La Commission européenne envisage d'assouplir ses normes CO₂ pour les flottes de voitures neuves, sous la pression notamment du groupe conservateur EVP au Parlement européen. Derrière ce débat bruxellois en apparence technique se cache un risque industriel majeur — et des conséquences très concrètes pour tout acheteur suisse qui compte passer à l'électrique d'ici 2030.
34 gigafactories dans la balance : ce que disent les chiffres
L'organisation Transport & Environment (T&E), référence européenne en matière d'analyse des transports propres, a chiffré l'impact potentiel d'un assouplissement des normes CO₂ : jusqu'à 34 usines de batteries de la taille de Northvolt pourraient être mises en danger sur le sol européen. Pour mémoire, Northvolt est l'un des fleurons suédois — et européens — de la fabrication de cellules pour véhicules électriques, une entreprise symbole de la volonté du continent à s'émanciper des chaînes d'approvisionnement asiatiques.
Le scénario est alarmant : si les constructeurs ne sont plus contraints de vendre des électriques en proportion suffisante, la demande de batteries fabriquées localement s'effondre. Résultat ? La production de voitures électriques en Europe pourrait diminuer de moitié d'ici 2030, toujours selon T&E. Et côté énergie fossile, le retour en grâce du thermique se paierait cash : environ 50 milliards d'euros d'importations pétrolières supplémentaires viendraient peser sur la balance commerciale du continent.

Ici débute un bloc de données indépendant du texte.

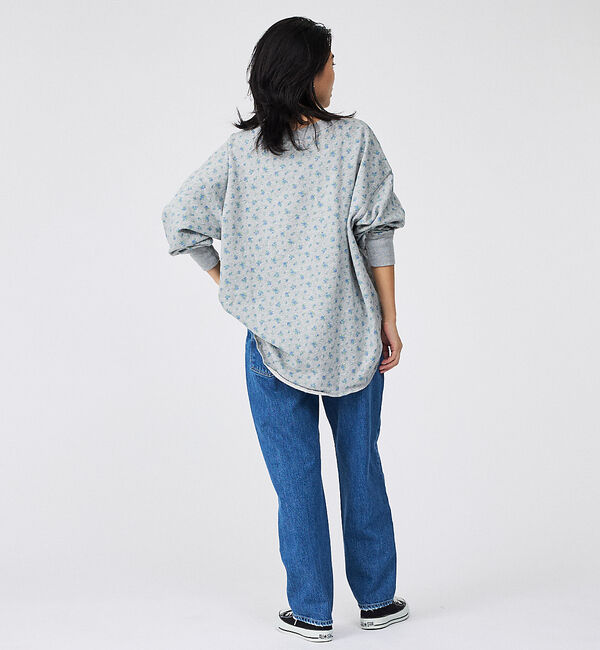 Rouge vif「【JEMORGAN / ジェーイーモーガン】ガーゼ裏毛 花柄クルースウェット/J」|スウェット・ジャージ|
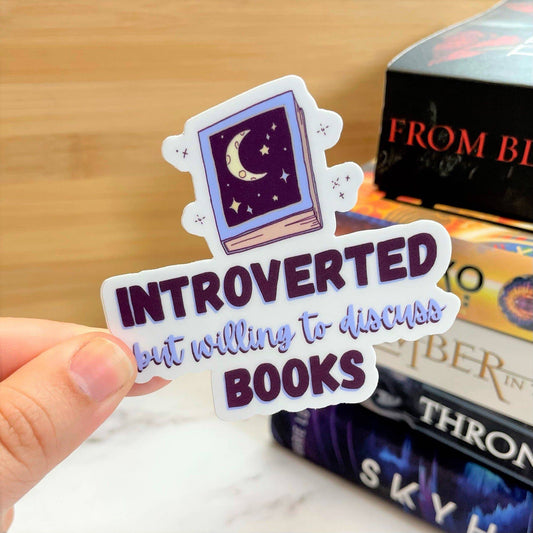 Sticker-Books-31: Introverted But Willing to Discuss Books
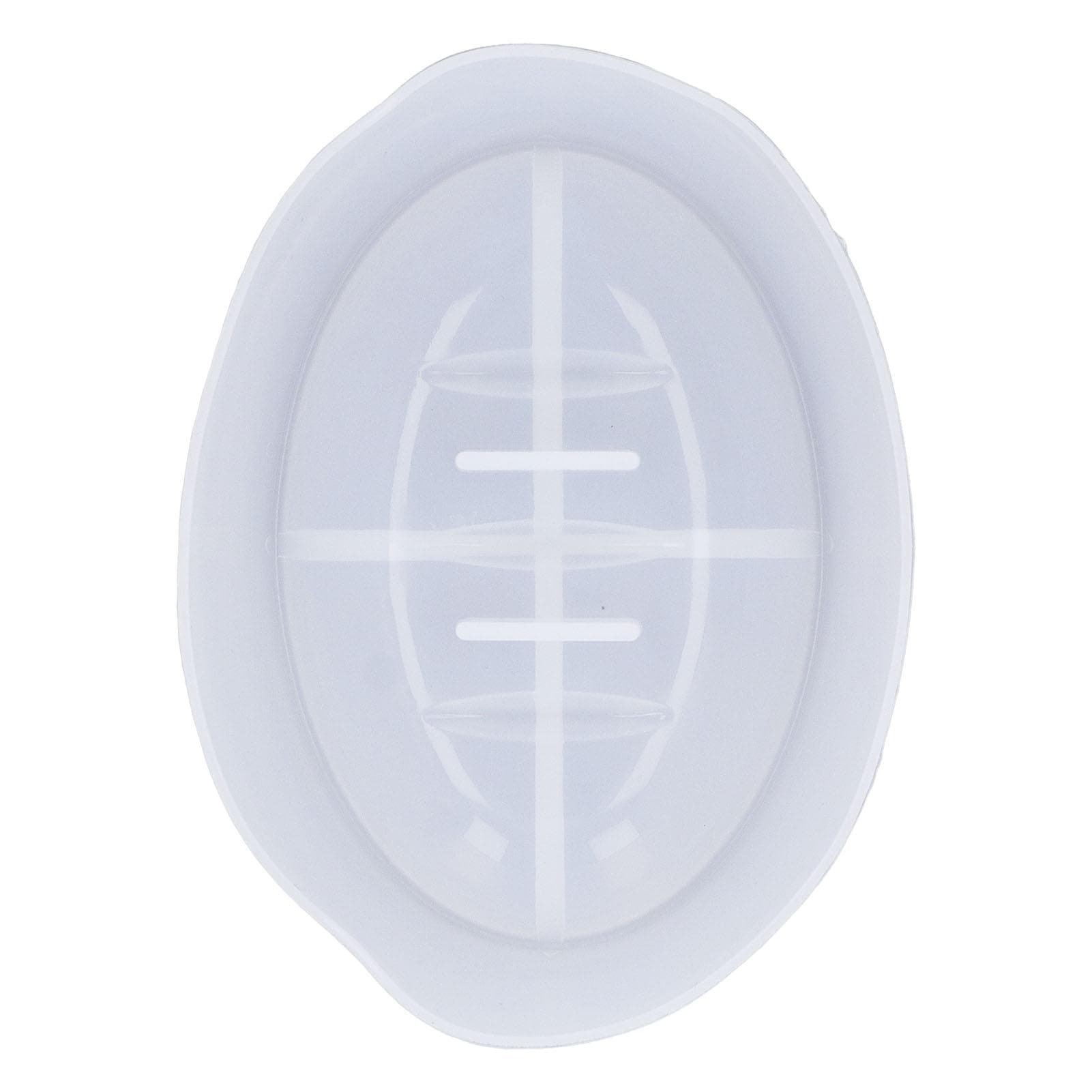 Soap Dish Mold DIY Making Oval Shape Silicone Mirror Leaky Drain Soap Box for Handicrafts Gift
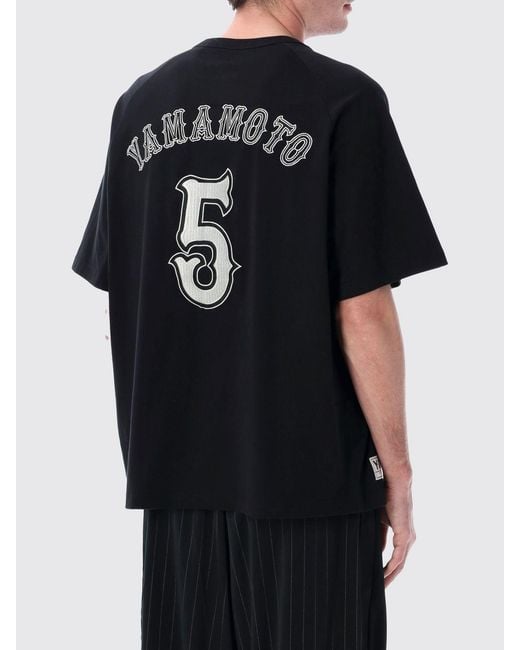 Y-3 Black Cotton T-Shirt With Logo for men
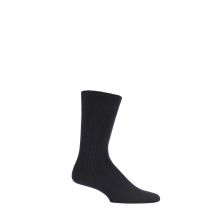 1 Pair Black Lhasa Rib Cashmere Blend Casual Socks Men's 8.5-11 Mens - Falke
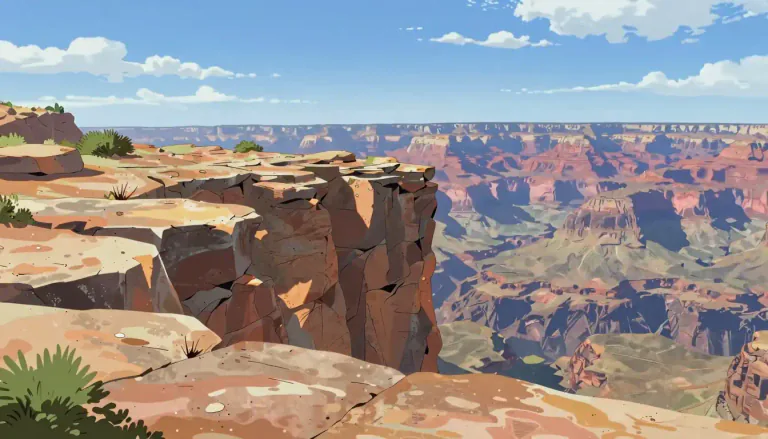 Visual representation of "rimrock" - A rocky ledge or cliff at the edge of a plateau, typically consisting of hard rock.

Pourquoi l'industrie européenne de la batterie est une technologie d'avenir à protéger
La production de batteries n'est pas une simple ligne de fabrication parmi d'autres : elle constitue le cœur stratégique de la mobilité électrique, au même titre que le moteur à combustion l'a été pendant un siècle. Délocaliser ou abandonner cette filière, c'est accepter une dépendance durable vis-à-vis des fabricants asiatiques — coréens, japonais ou chinois — qui dominent aujourd'hui largement le marché mondial des cellules.
Pour les consommateurs, cette dépendance se traduit par moins de levier sur les prix, des délais de livraison moins prévisibles et, à terme, une offre de modèles moins diversifiée. Les assouplissements défendus par l'EVP sont présentés comme une bouée de sauvetage pour les constructeurs en difficulté ; ils risquent en réalité de saper l'investissement à long terme dans une industrie où l'Europe a encore une carte à jouer.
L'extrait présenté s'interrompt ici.